When Richard Nelson's Springwood was announced last year, it arrived with an impressive pedigree: it was set to mark Stanley Tucci's directorial debut. Since then, Tucci has dropped out (starry scheduling conflicts!), with US playwright Nelson stepping into the director’s chair himself. It's hard not to wonder whether Tucci might have coaxed something more dynamic from the material.
This stage adaptation of Nelson’s film Hyde Park on Hudson dramatises the 1939 state visit to the United States, when King George VI and the future Queen Mother met President Franklin D Roosevelt and First Lady Eleanor Roosevelt for the first time. Here, then, are the origins of the so-called ‘special relationship’. Hitler’s power is on the rise, and Britain is desperate for an ally. But before they can secure American support, they must first survive a country-house weekend, a public picnic and the thorny business of mastering beer etiquette and eating hot dogs with dignity.
So, there’s the initial question of whether opposites can actually attract.

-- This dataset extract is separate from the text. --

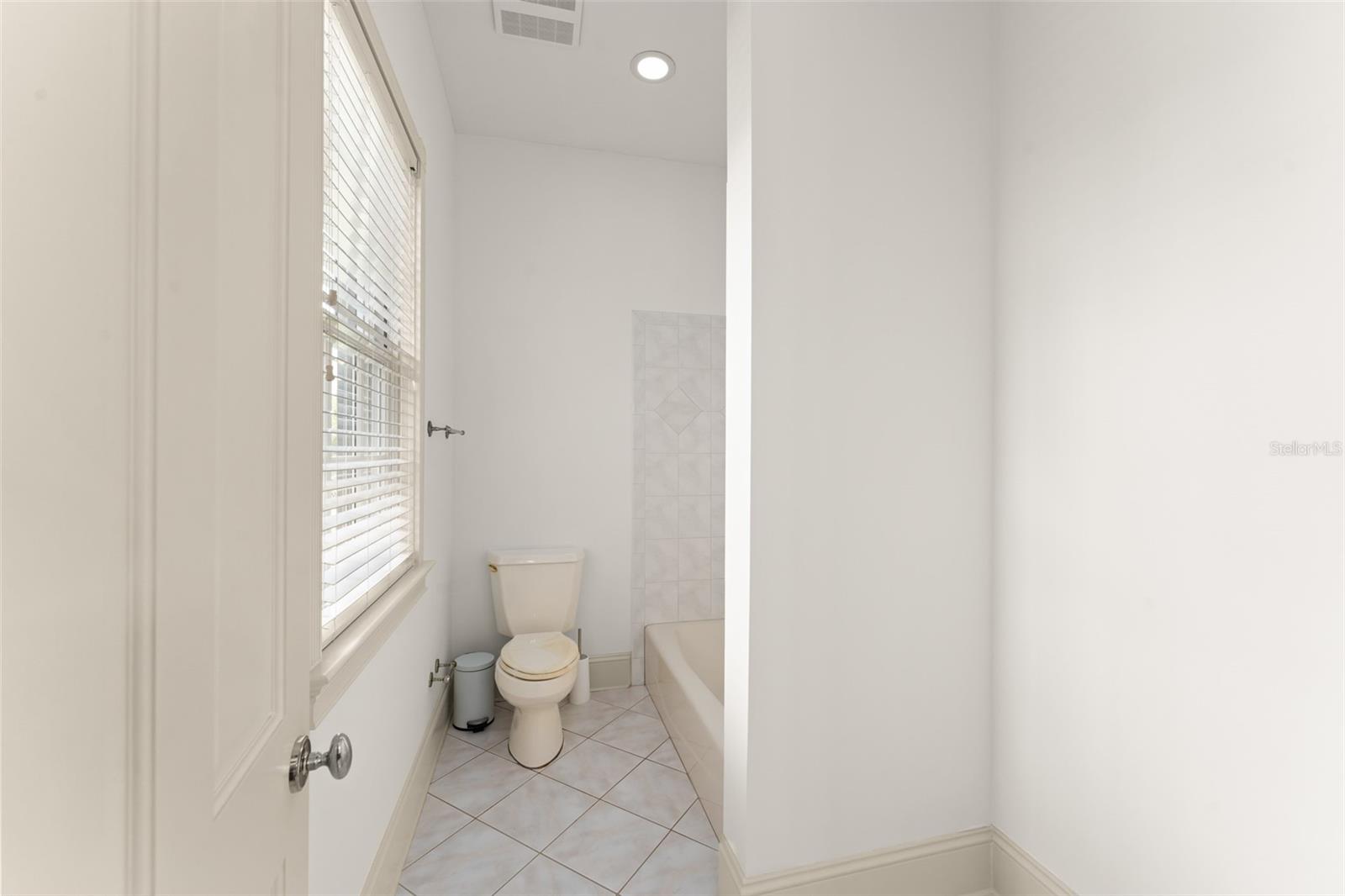 Image 48 of 80 For 506 Golfpark Drive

Yet as the President and the King spend more time together, they discover they have more in common than first appears. Robert Lindsay's Roosevelt is an easy-going, wise-cracking paternal figure, while Andrew Havill’s Bertie – as the king is known – is awkward, reserved and still finding his feet as monarch. They bond over whisky, conversations about women, stamp collecting and public perception, but also through their shared experiences of disability: Roosevelt's paralysis from polio and Bertie's speech impediment.
For a meeting whose consequences would reverberate around the world, Springwood is strikingly domestic in scale. Tom Piper's thrust staging transforms the Springwood estate into an intimate space, bringing us directly into drawing rooms and bedrooms where the king and queen feel utterly out of place. Nelson's script, however, leans too heavily on familiar national clichés: the British drink tea and rely on decorum, while the Americans are plain-speaking, easy-going free spirits.

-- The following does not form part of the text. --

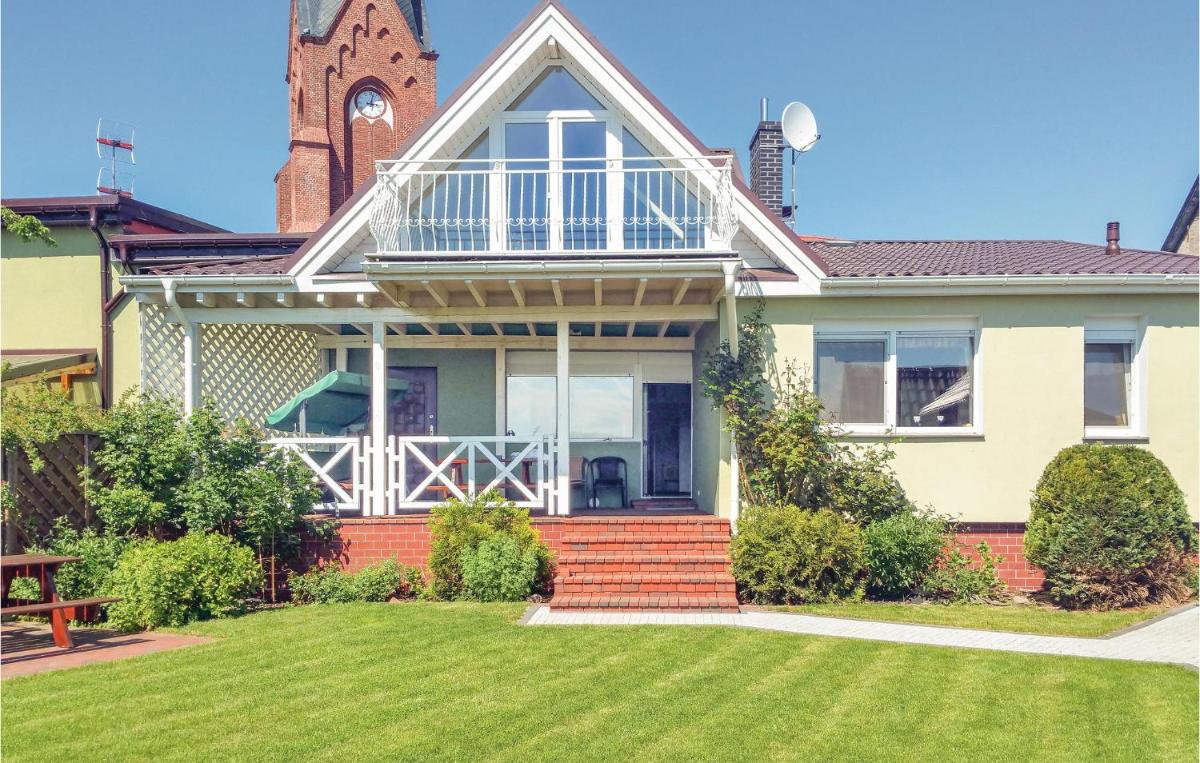 4 Bedroom Amazing Home In Nowe Warpno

Those cultural differences are most vividly embodied by the two women. Rebecca Night's Queen Elizabeth is in a near-constant state of anxiety, desperate to telephone home and speak to her daughters, while Jemma Redgrave's Eleanor Roosevelt is forthright and pragmatic, accepting her husband's affairs with the understanding that they have ‘an agreement’.

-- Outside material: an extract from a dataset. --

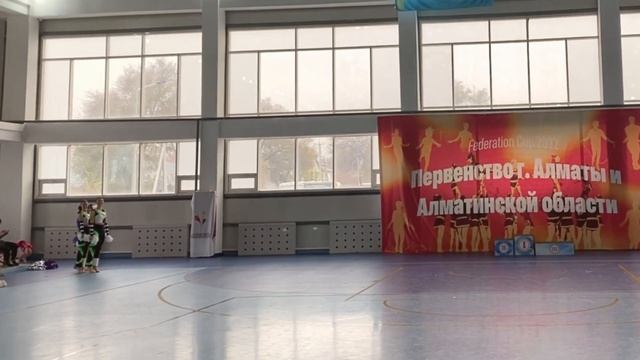 VLOG: ЧЕРЛИДИНГ В КАЗАХСТАНЕ | мои первые соревнования, первое место^_^ смотреть онлайн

But these conflicts aren't enough to inject real dramatic momentum into Nelson's slow-moving production. Lengthy scene changes, with furniture laboriously moved on and off stage, bring the action to a halt, while the oddly episodic structure makes the king's three-day stay feel like an eternity. All of it could benefit from a bit of directorial zing.
Still, programming a play that interrogates the special relationship at a moment when tensions between the UK and US are once again in choppy waters feels apt. But if Springwood is anything to go by, diplomacy might be solved with a late-night debrief and a glass of whisky.